Para a ciência da religião o termo sincretismo é usado apenas para designar o fenômeno da amálgama de elementos religiosos. É um termo de uso neutro para classificar processos ocorridos entre as religiões. Ou seja, para a ciência da religião, o termo sincretismo não é carregado de qualquer colorido positivo ou negativo.
Já na tradição cristã a palavra tem sido usada de forma negativa: sem querermos analisar muito a fundo a utilização da palavra, dou apenas o exemplo dos documentos de Puebla e de Santo Domingo. Em Puebla usa-se o termo três vezes, em todas elas em um sentido claramente negativo. Puebla 342: falando da evangelização na América Latina, afirma o documento que “no entanto constatamos que nem sempre ela chega à sua maturidade, e está ameaçada pela pressão secularista, pelos abalos provocados pelas mudanças culturais, pelas ambigüidades teológicas existentes em nosso meio e pelo influxo de seitas proselitistas e sincretismos que vêm de fora”. Na segunda citação, o documento lamenta: “Por falta de atenção dos agentes de pastoral e por outros fatores complexos, a religião do povo mostra em certos casos sinais de desgaste e deformação: aparecem substitutos aberrantes e sincretismos negativos” (Puebla 453). Na terceira citação, o documento está se referindo aos aspectos negativos da piedade popular e cita entre outras coisas “... idéia deformada a respeito de Deus; conceito utilitário de certas formas de piedade; propensão, em alguns lugares, para o sincretismo religioso; infiltração do espiritismo...” (Puebla 914). O documento de Santo Domingo faz uma alusão ao sincretismo no contexto do diálogo inter-religioso. Embora a afirmação seja positiva, o significado da palavra sincretismo é negativo. Santo Domingo 138, ao falar das linhas pastorais para o diálogo inter-religioso, afirma a importância de “buscar ocasiões de diálogo com as religiões afro-americanas e dos povos indígenas, atentos a descobrir nelas as ‘sementes do Verbo’, com verdadeiro discernimento cristão, oferecendo-lhes o anúncio integral do Evangelho e evitando qualquer forma de sincretismo religioso”.
Nos documentos de Puebla e Santo Domingo fica clara a referência negativa ao sincretismo. Também fica transparente que não se está falando de sincretismo em teoria, nem em sincretismo com as tradições judaicas, mas claramente o sincretismo com tradições advindas da África ou de novos movimentos religiosos.

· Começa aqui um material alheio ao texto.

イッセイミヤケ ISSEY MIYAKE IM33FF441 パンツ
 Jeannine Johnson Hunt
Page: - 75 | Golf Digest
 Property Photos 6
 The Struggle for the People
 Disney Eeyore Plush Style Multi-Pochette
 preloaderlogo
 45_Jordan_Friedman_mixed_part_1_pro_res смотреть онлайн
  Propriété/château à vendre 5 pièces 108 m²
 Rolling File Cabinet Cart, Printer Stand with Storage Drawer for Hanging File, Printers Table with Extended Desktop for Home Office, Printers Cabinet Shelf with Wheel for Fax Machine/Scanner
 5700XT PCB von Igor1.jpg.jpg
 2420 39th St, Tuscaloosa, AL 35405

Há de se perceber que este uso da palavra sincretismo tem claramente pré-conceitos, ou seja, conceitos anteriores que condicionam as afirmações. Assim pode-se notar nestas afirmações os seguintes pré-conceitos:
Mistura ilícita: um primeiro pré-conceito determinante para esta compreensão negativa do termo sincretismo é que ele é uma mistura ilícita, indevida de elementos religiosos. Ou dito de forma inversa, o “normal” seria não misturar. A mistura é “anormal”.
Pureza: Um segundo pré-conceito é o da pureza. A religião que está recebendo elementos sincretizados, bem que poderia ser exercida de forma “pura”. Isto seria inclusive desejável. Nos documentos de Puebla e Santo Domingo fica muito clara esta idéia. O sincretismo é uma mácula para a pureza religiosa. É preciso haver um esforço para manter a pureza. Sincretismo é sinônimo de impureza.
Decadência: Outro pré-conceito relacionado ao sincretismo visto de maneira negativa é o da decadência. A religião exercida de forma sincrética não é a religião em sua forma genuína, é sim uma decadência. A introdução de elementos espúrios faz com que a religião “clássica”, torne-se decadente. O sincretismo é uma degradação religiosa.
Ignorância: Outro pré-conceito refere-se à explicação do sincretismo. Ele origina-se da falta de esclarecimento. A ignorância religiosa dá espaço ao sincretismo. Uma boa catequese, uma boa instrução é o caminho certo para se prevenir contra o sincretismo.
Elementos “do outro”: há ainda o pré-conceito contra o sincretismo no sentido de estar ele ligado a uma forte idéia de propriedade particular de elementos religiosos. Os nossos elementos estão sendo utilizados (ilegitimamente) pelos outros.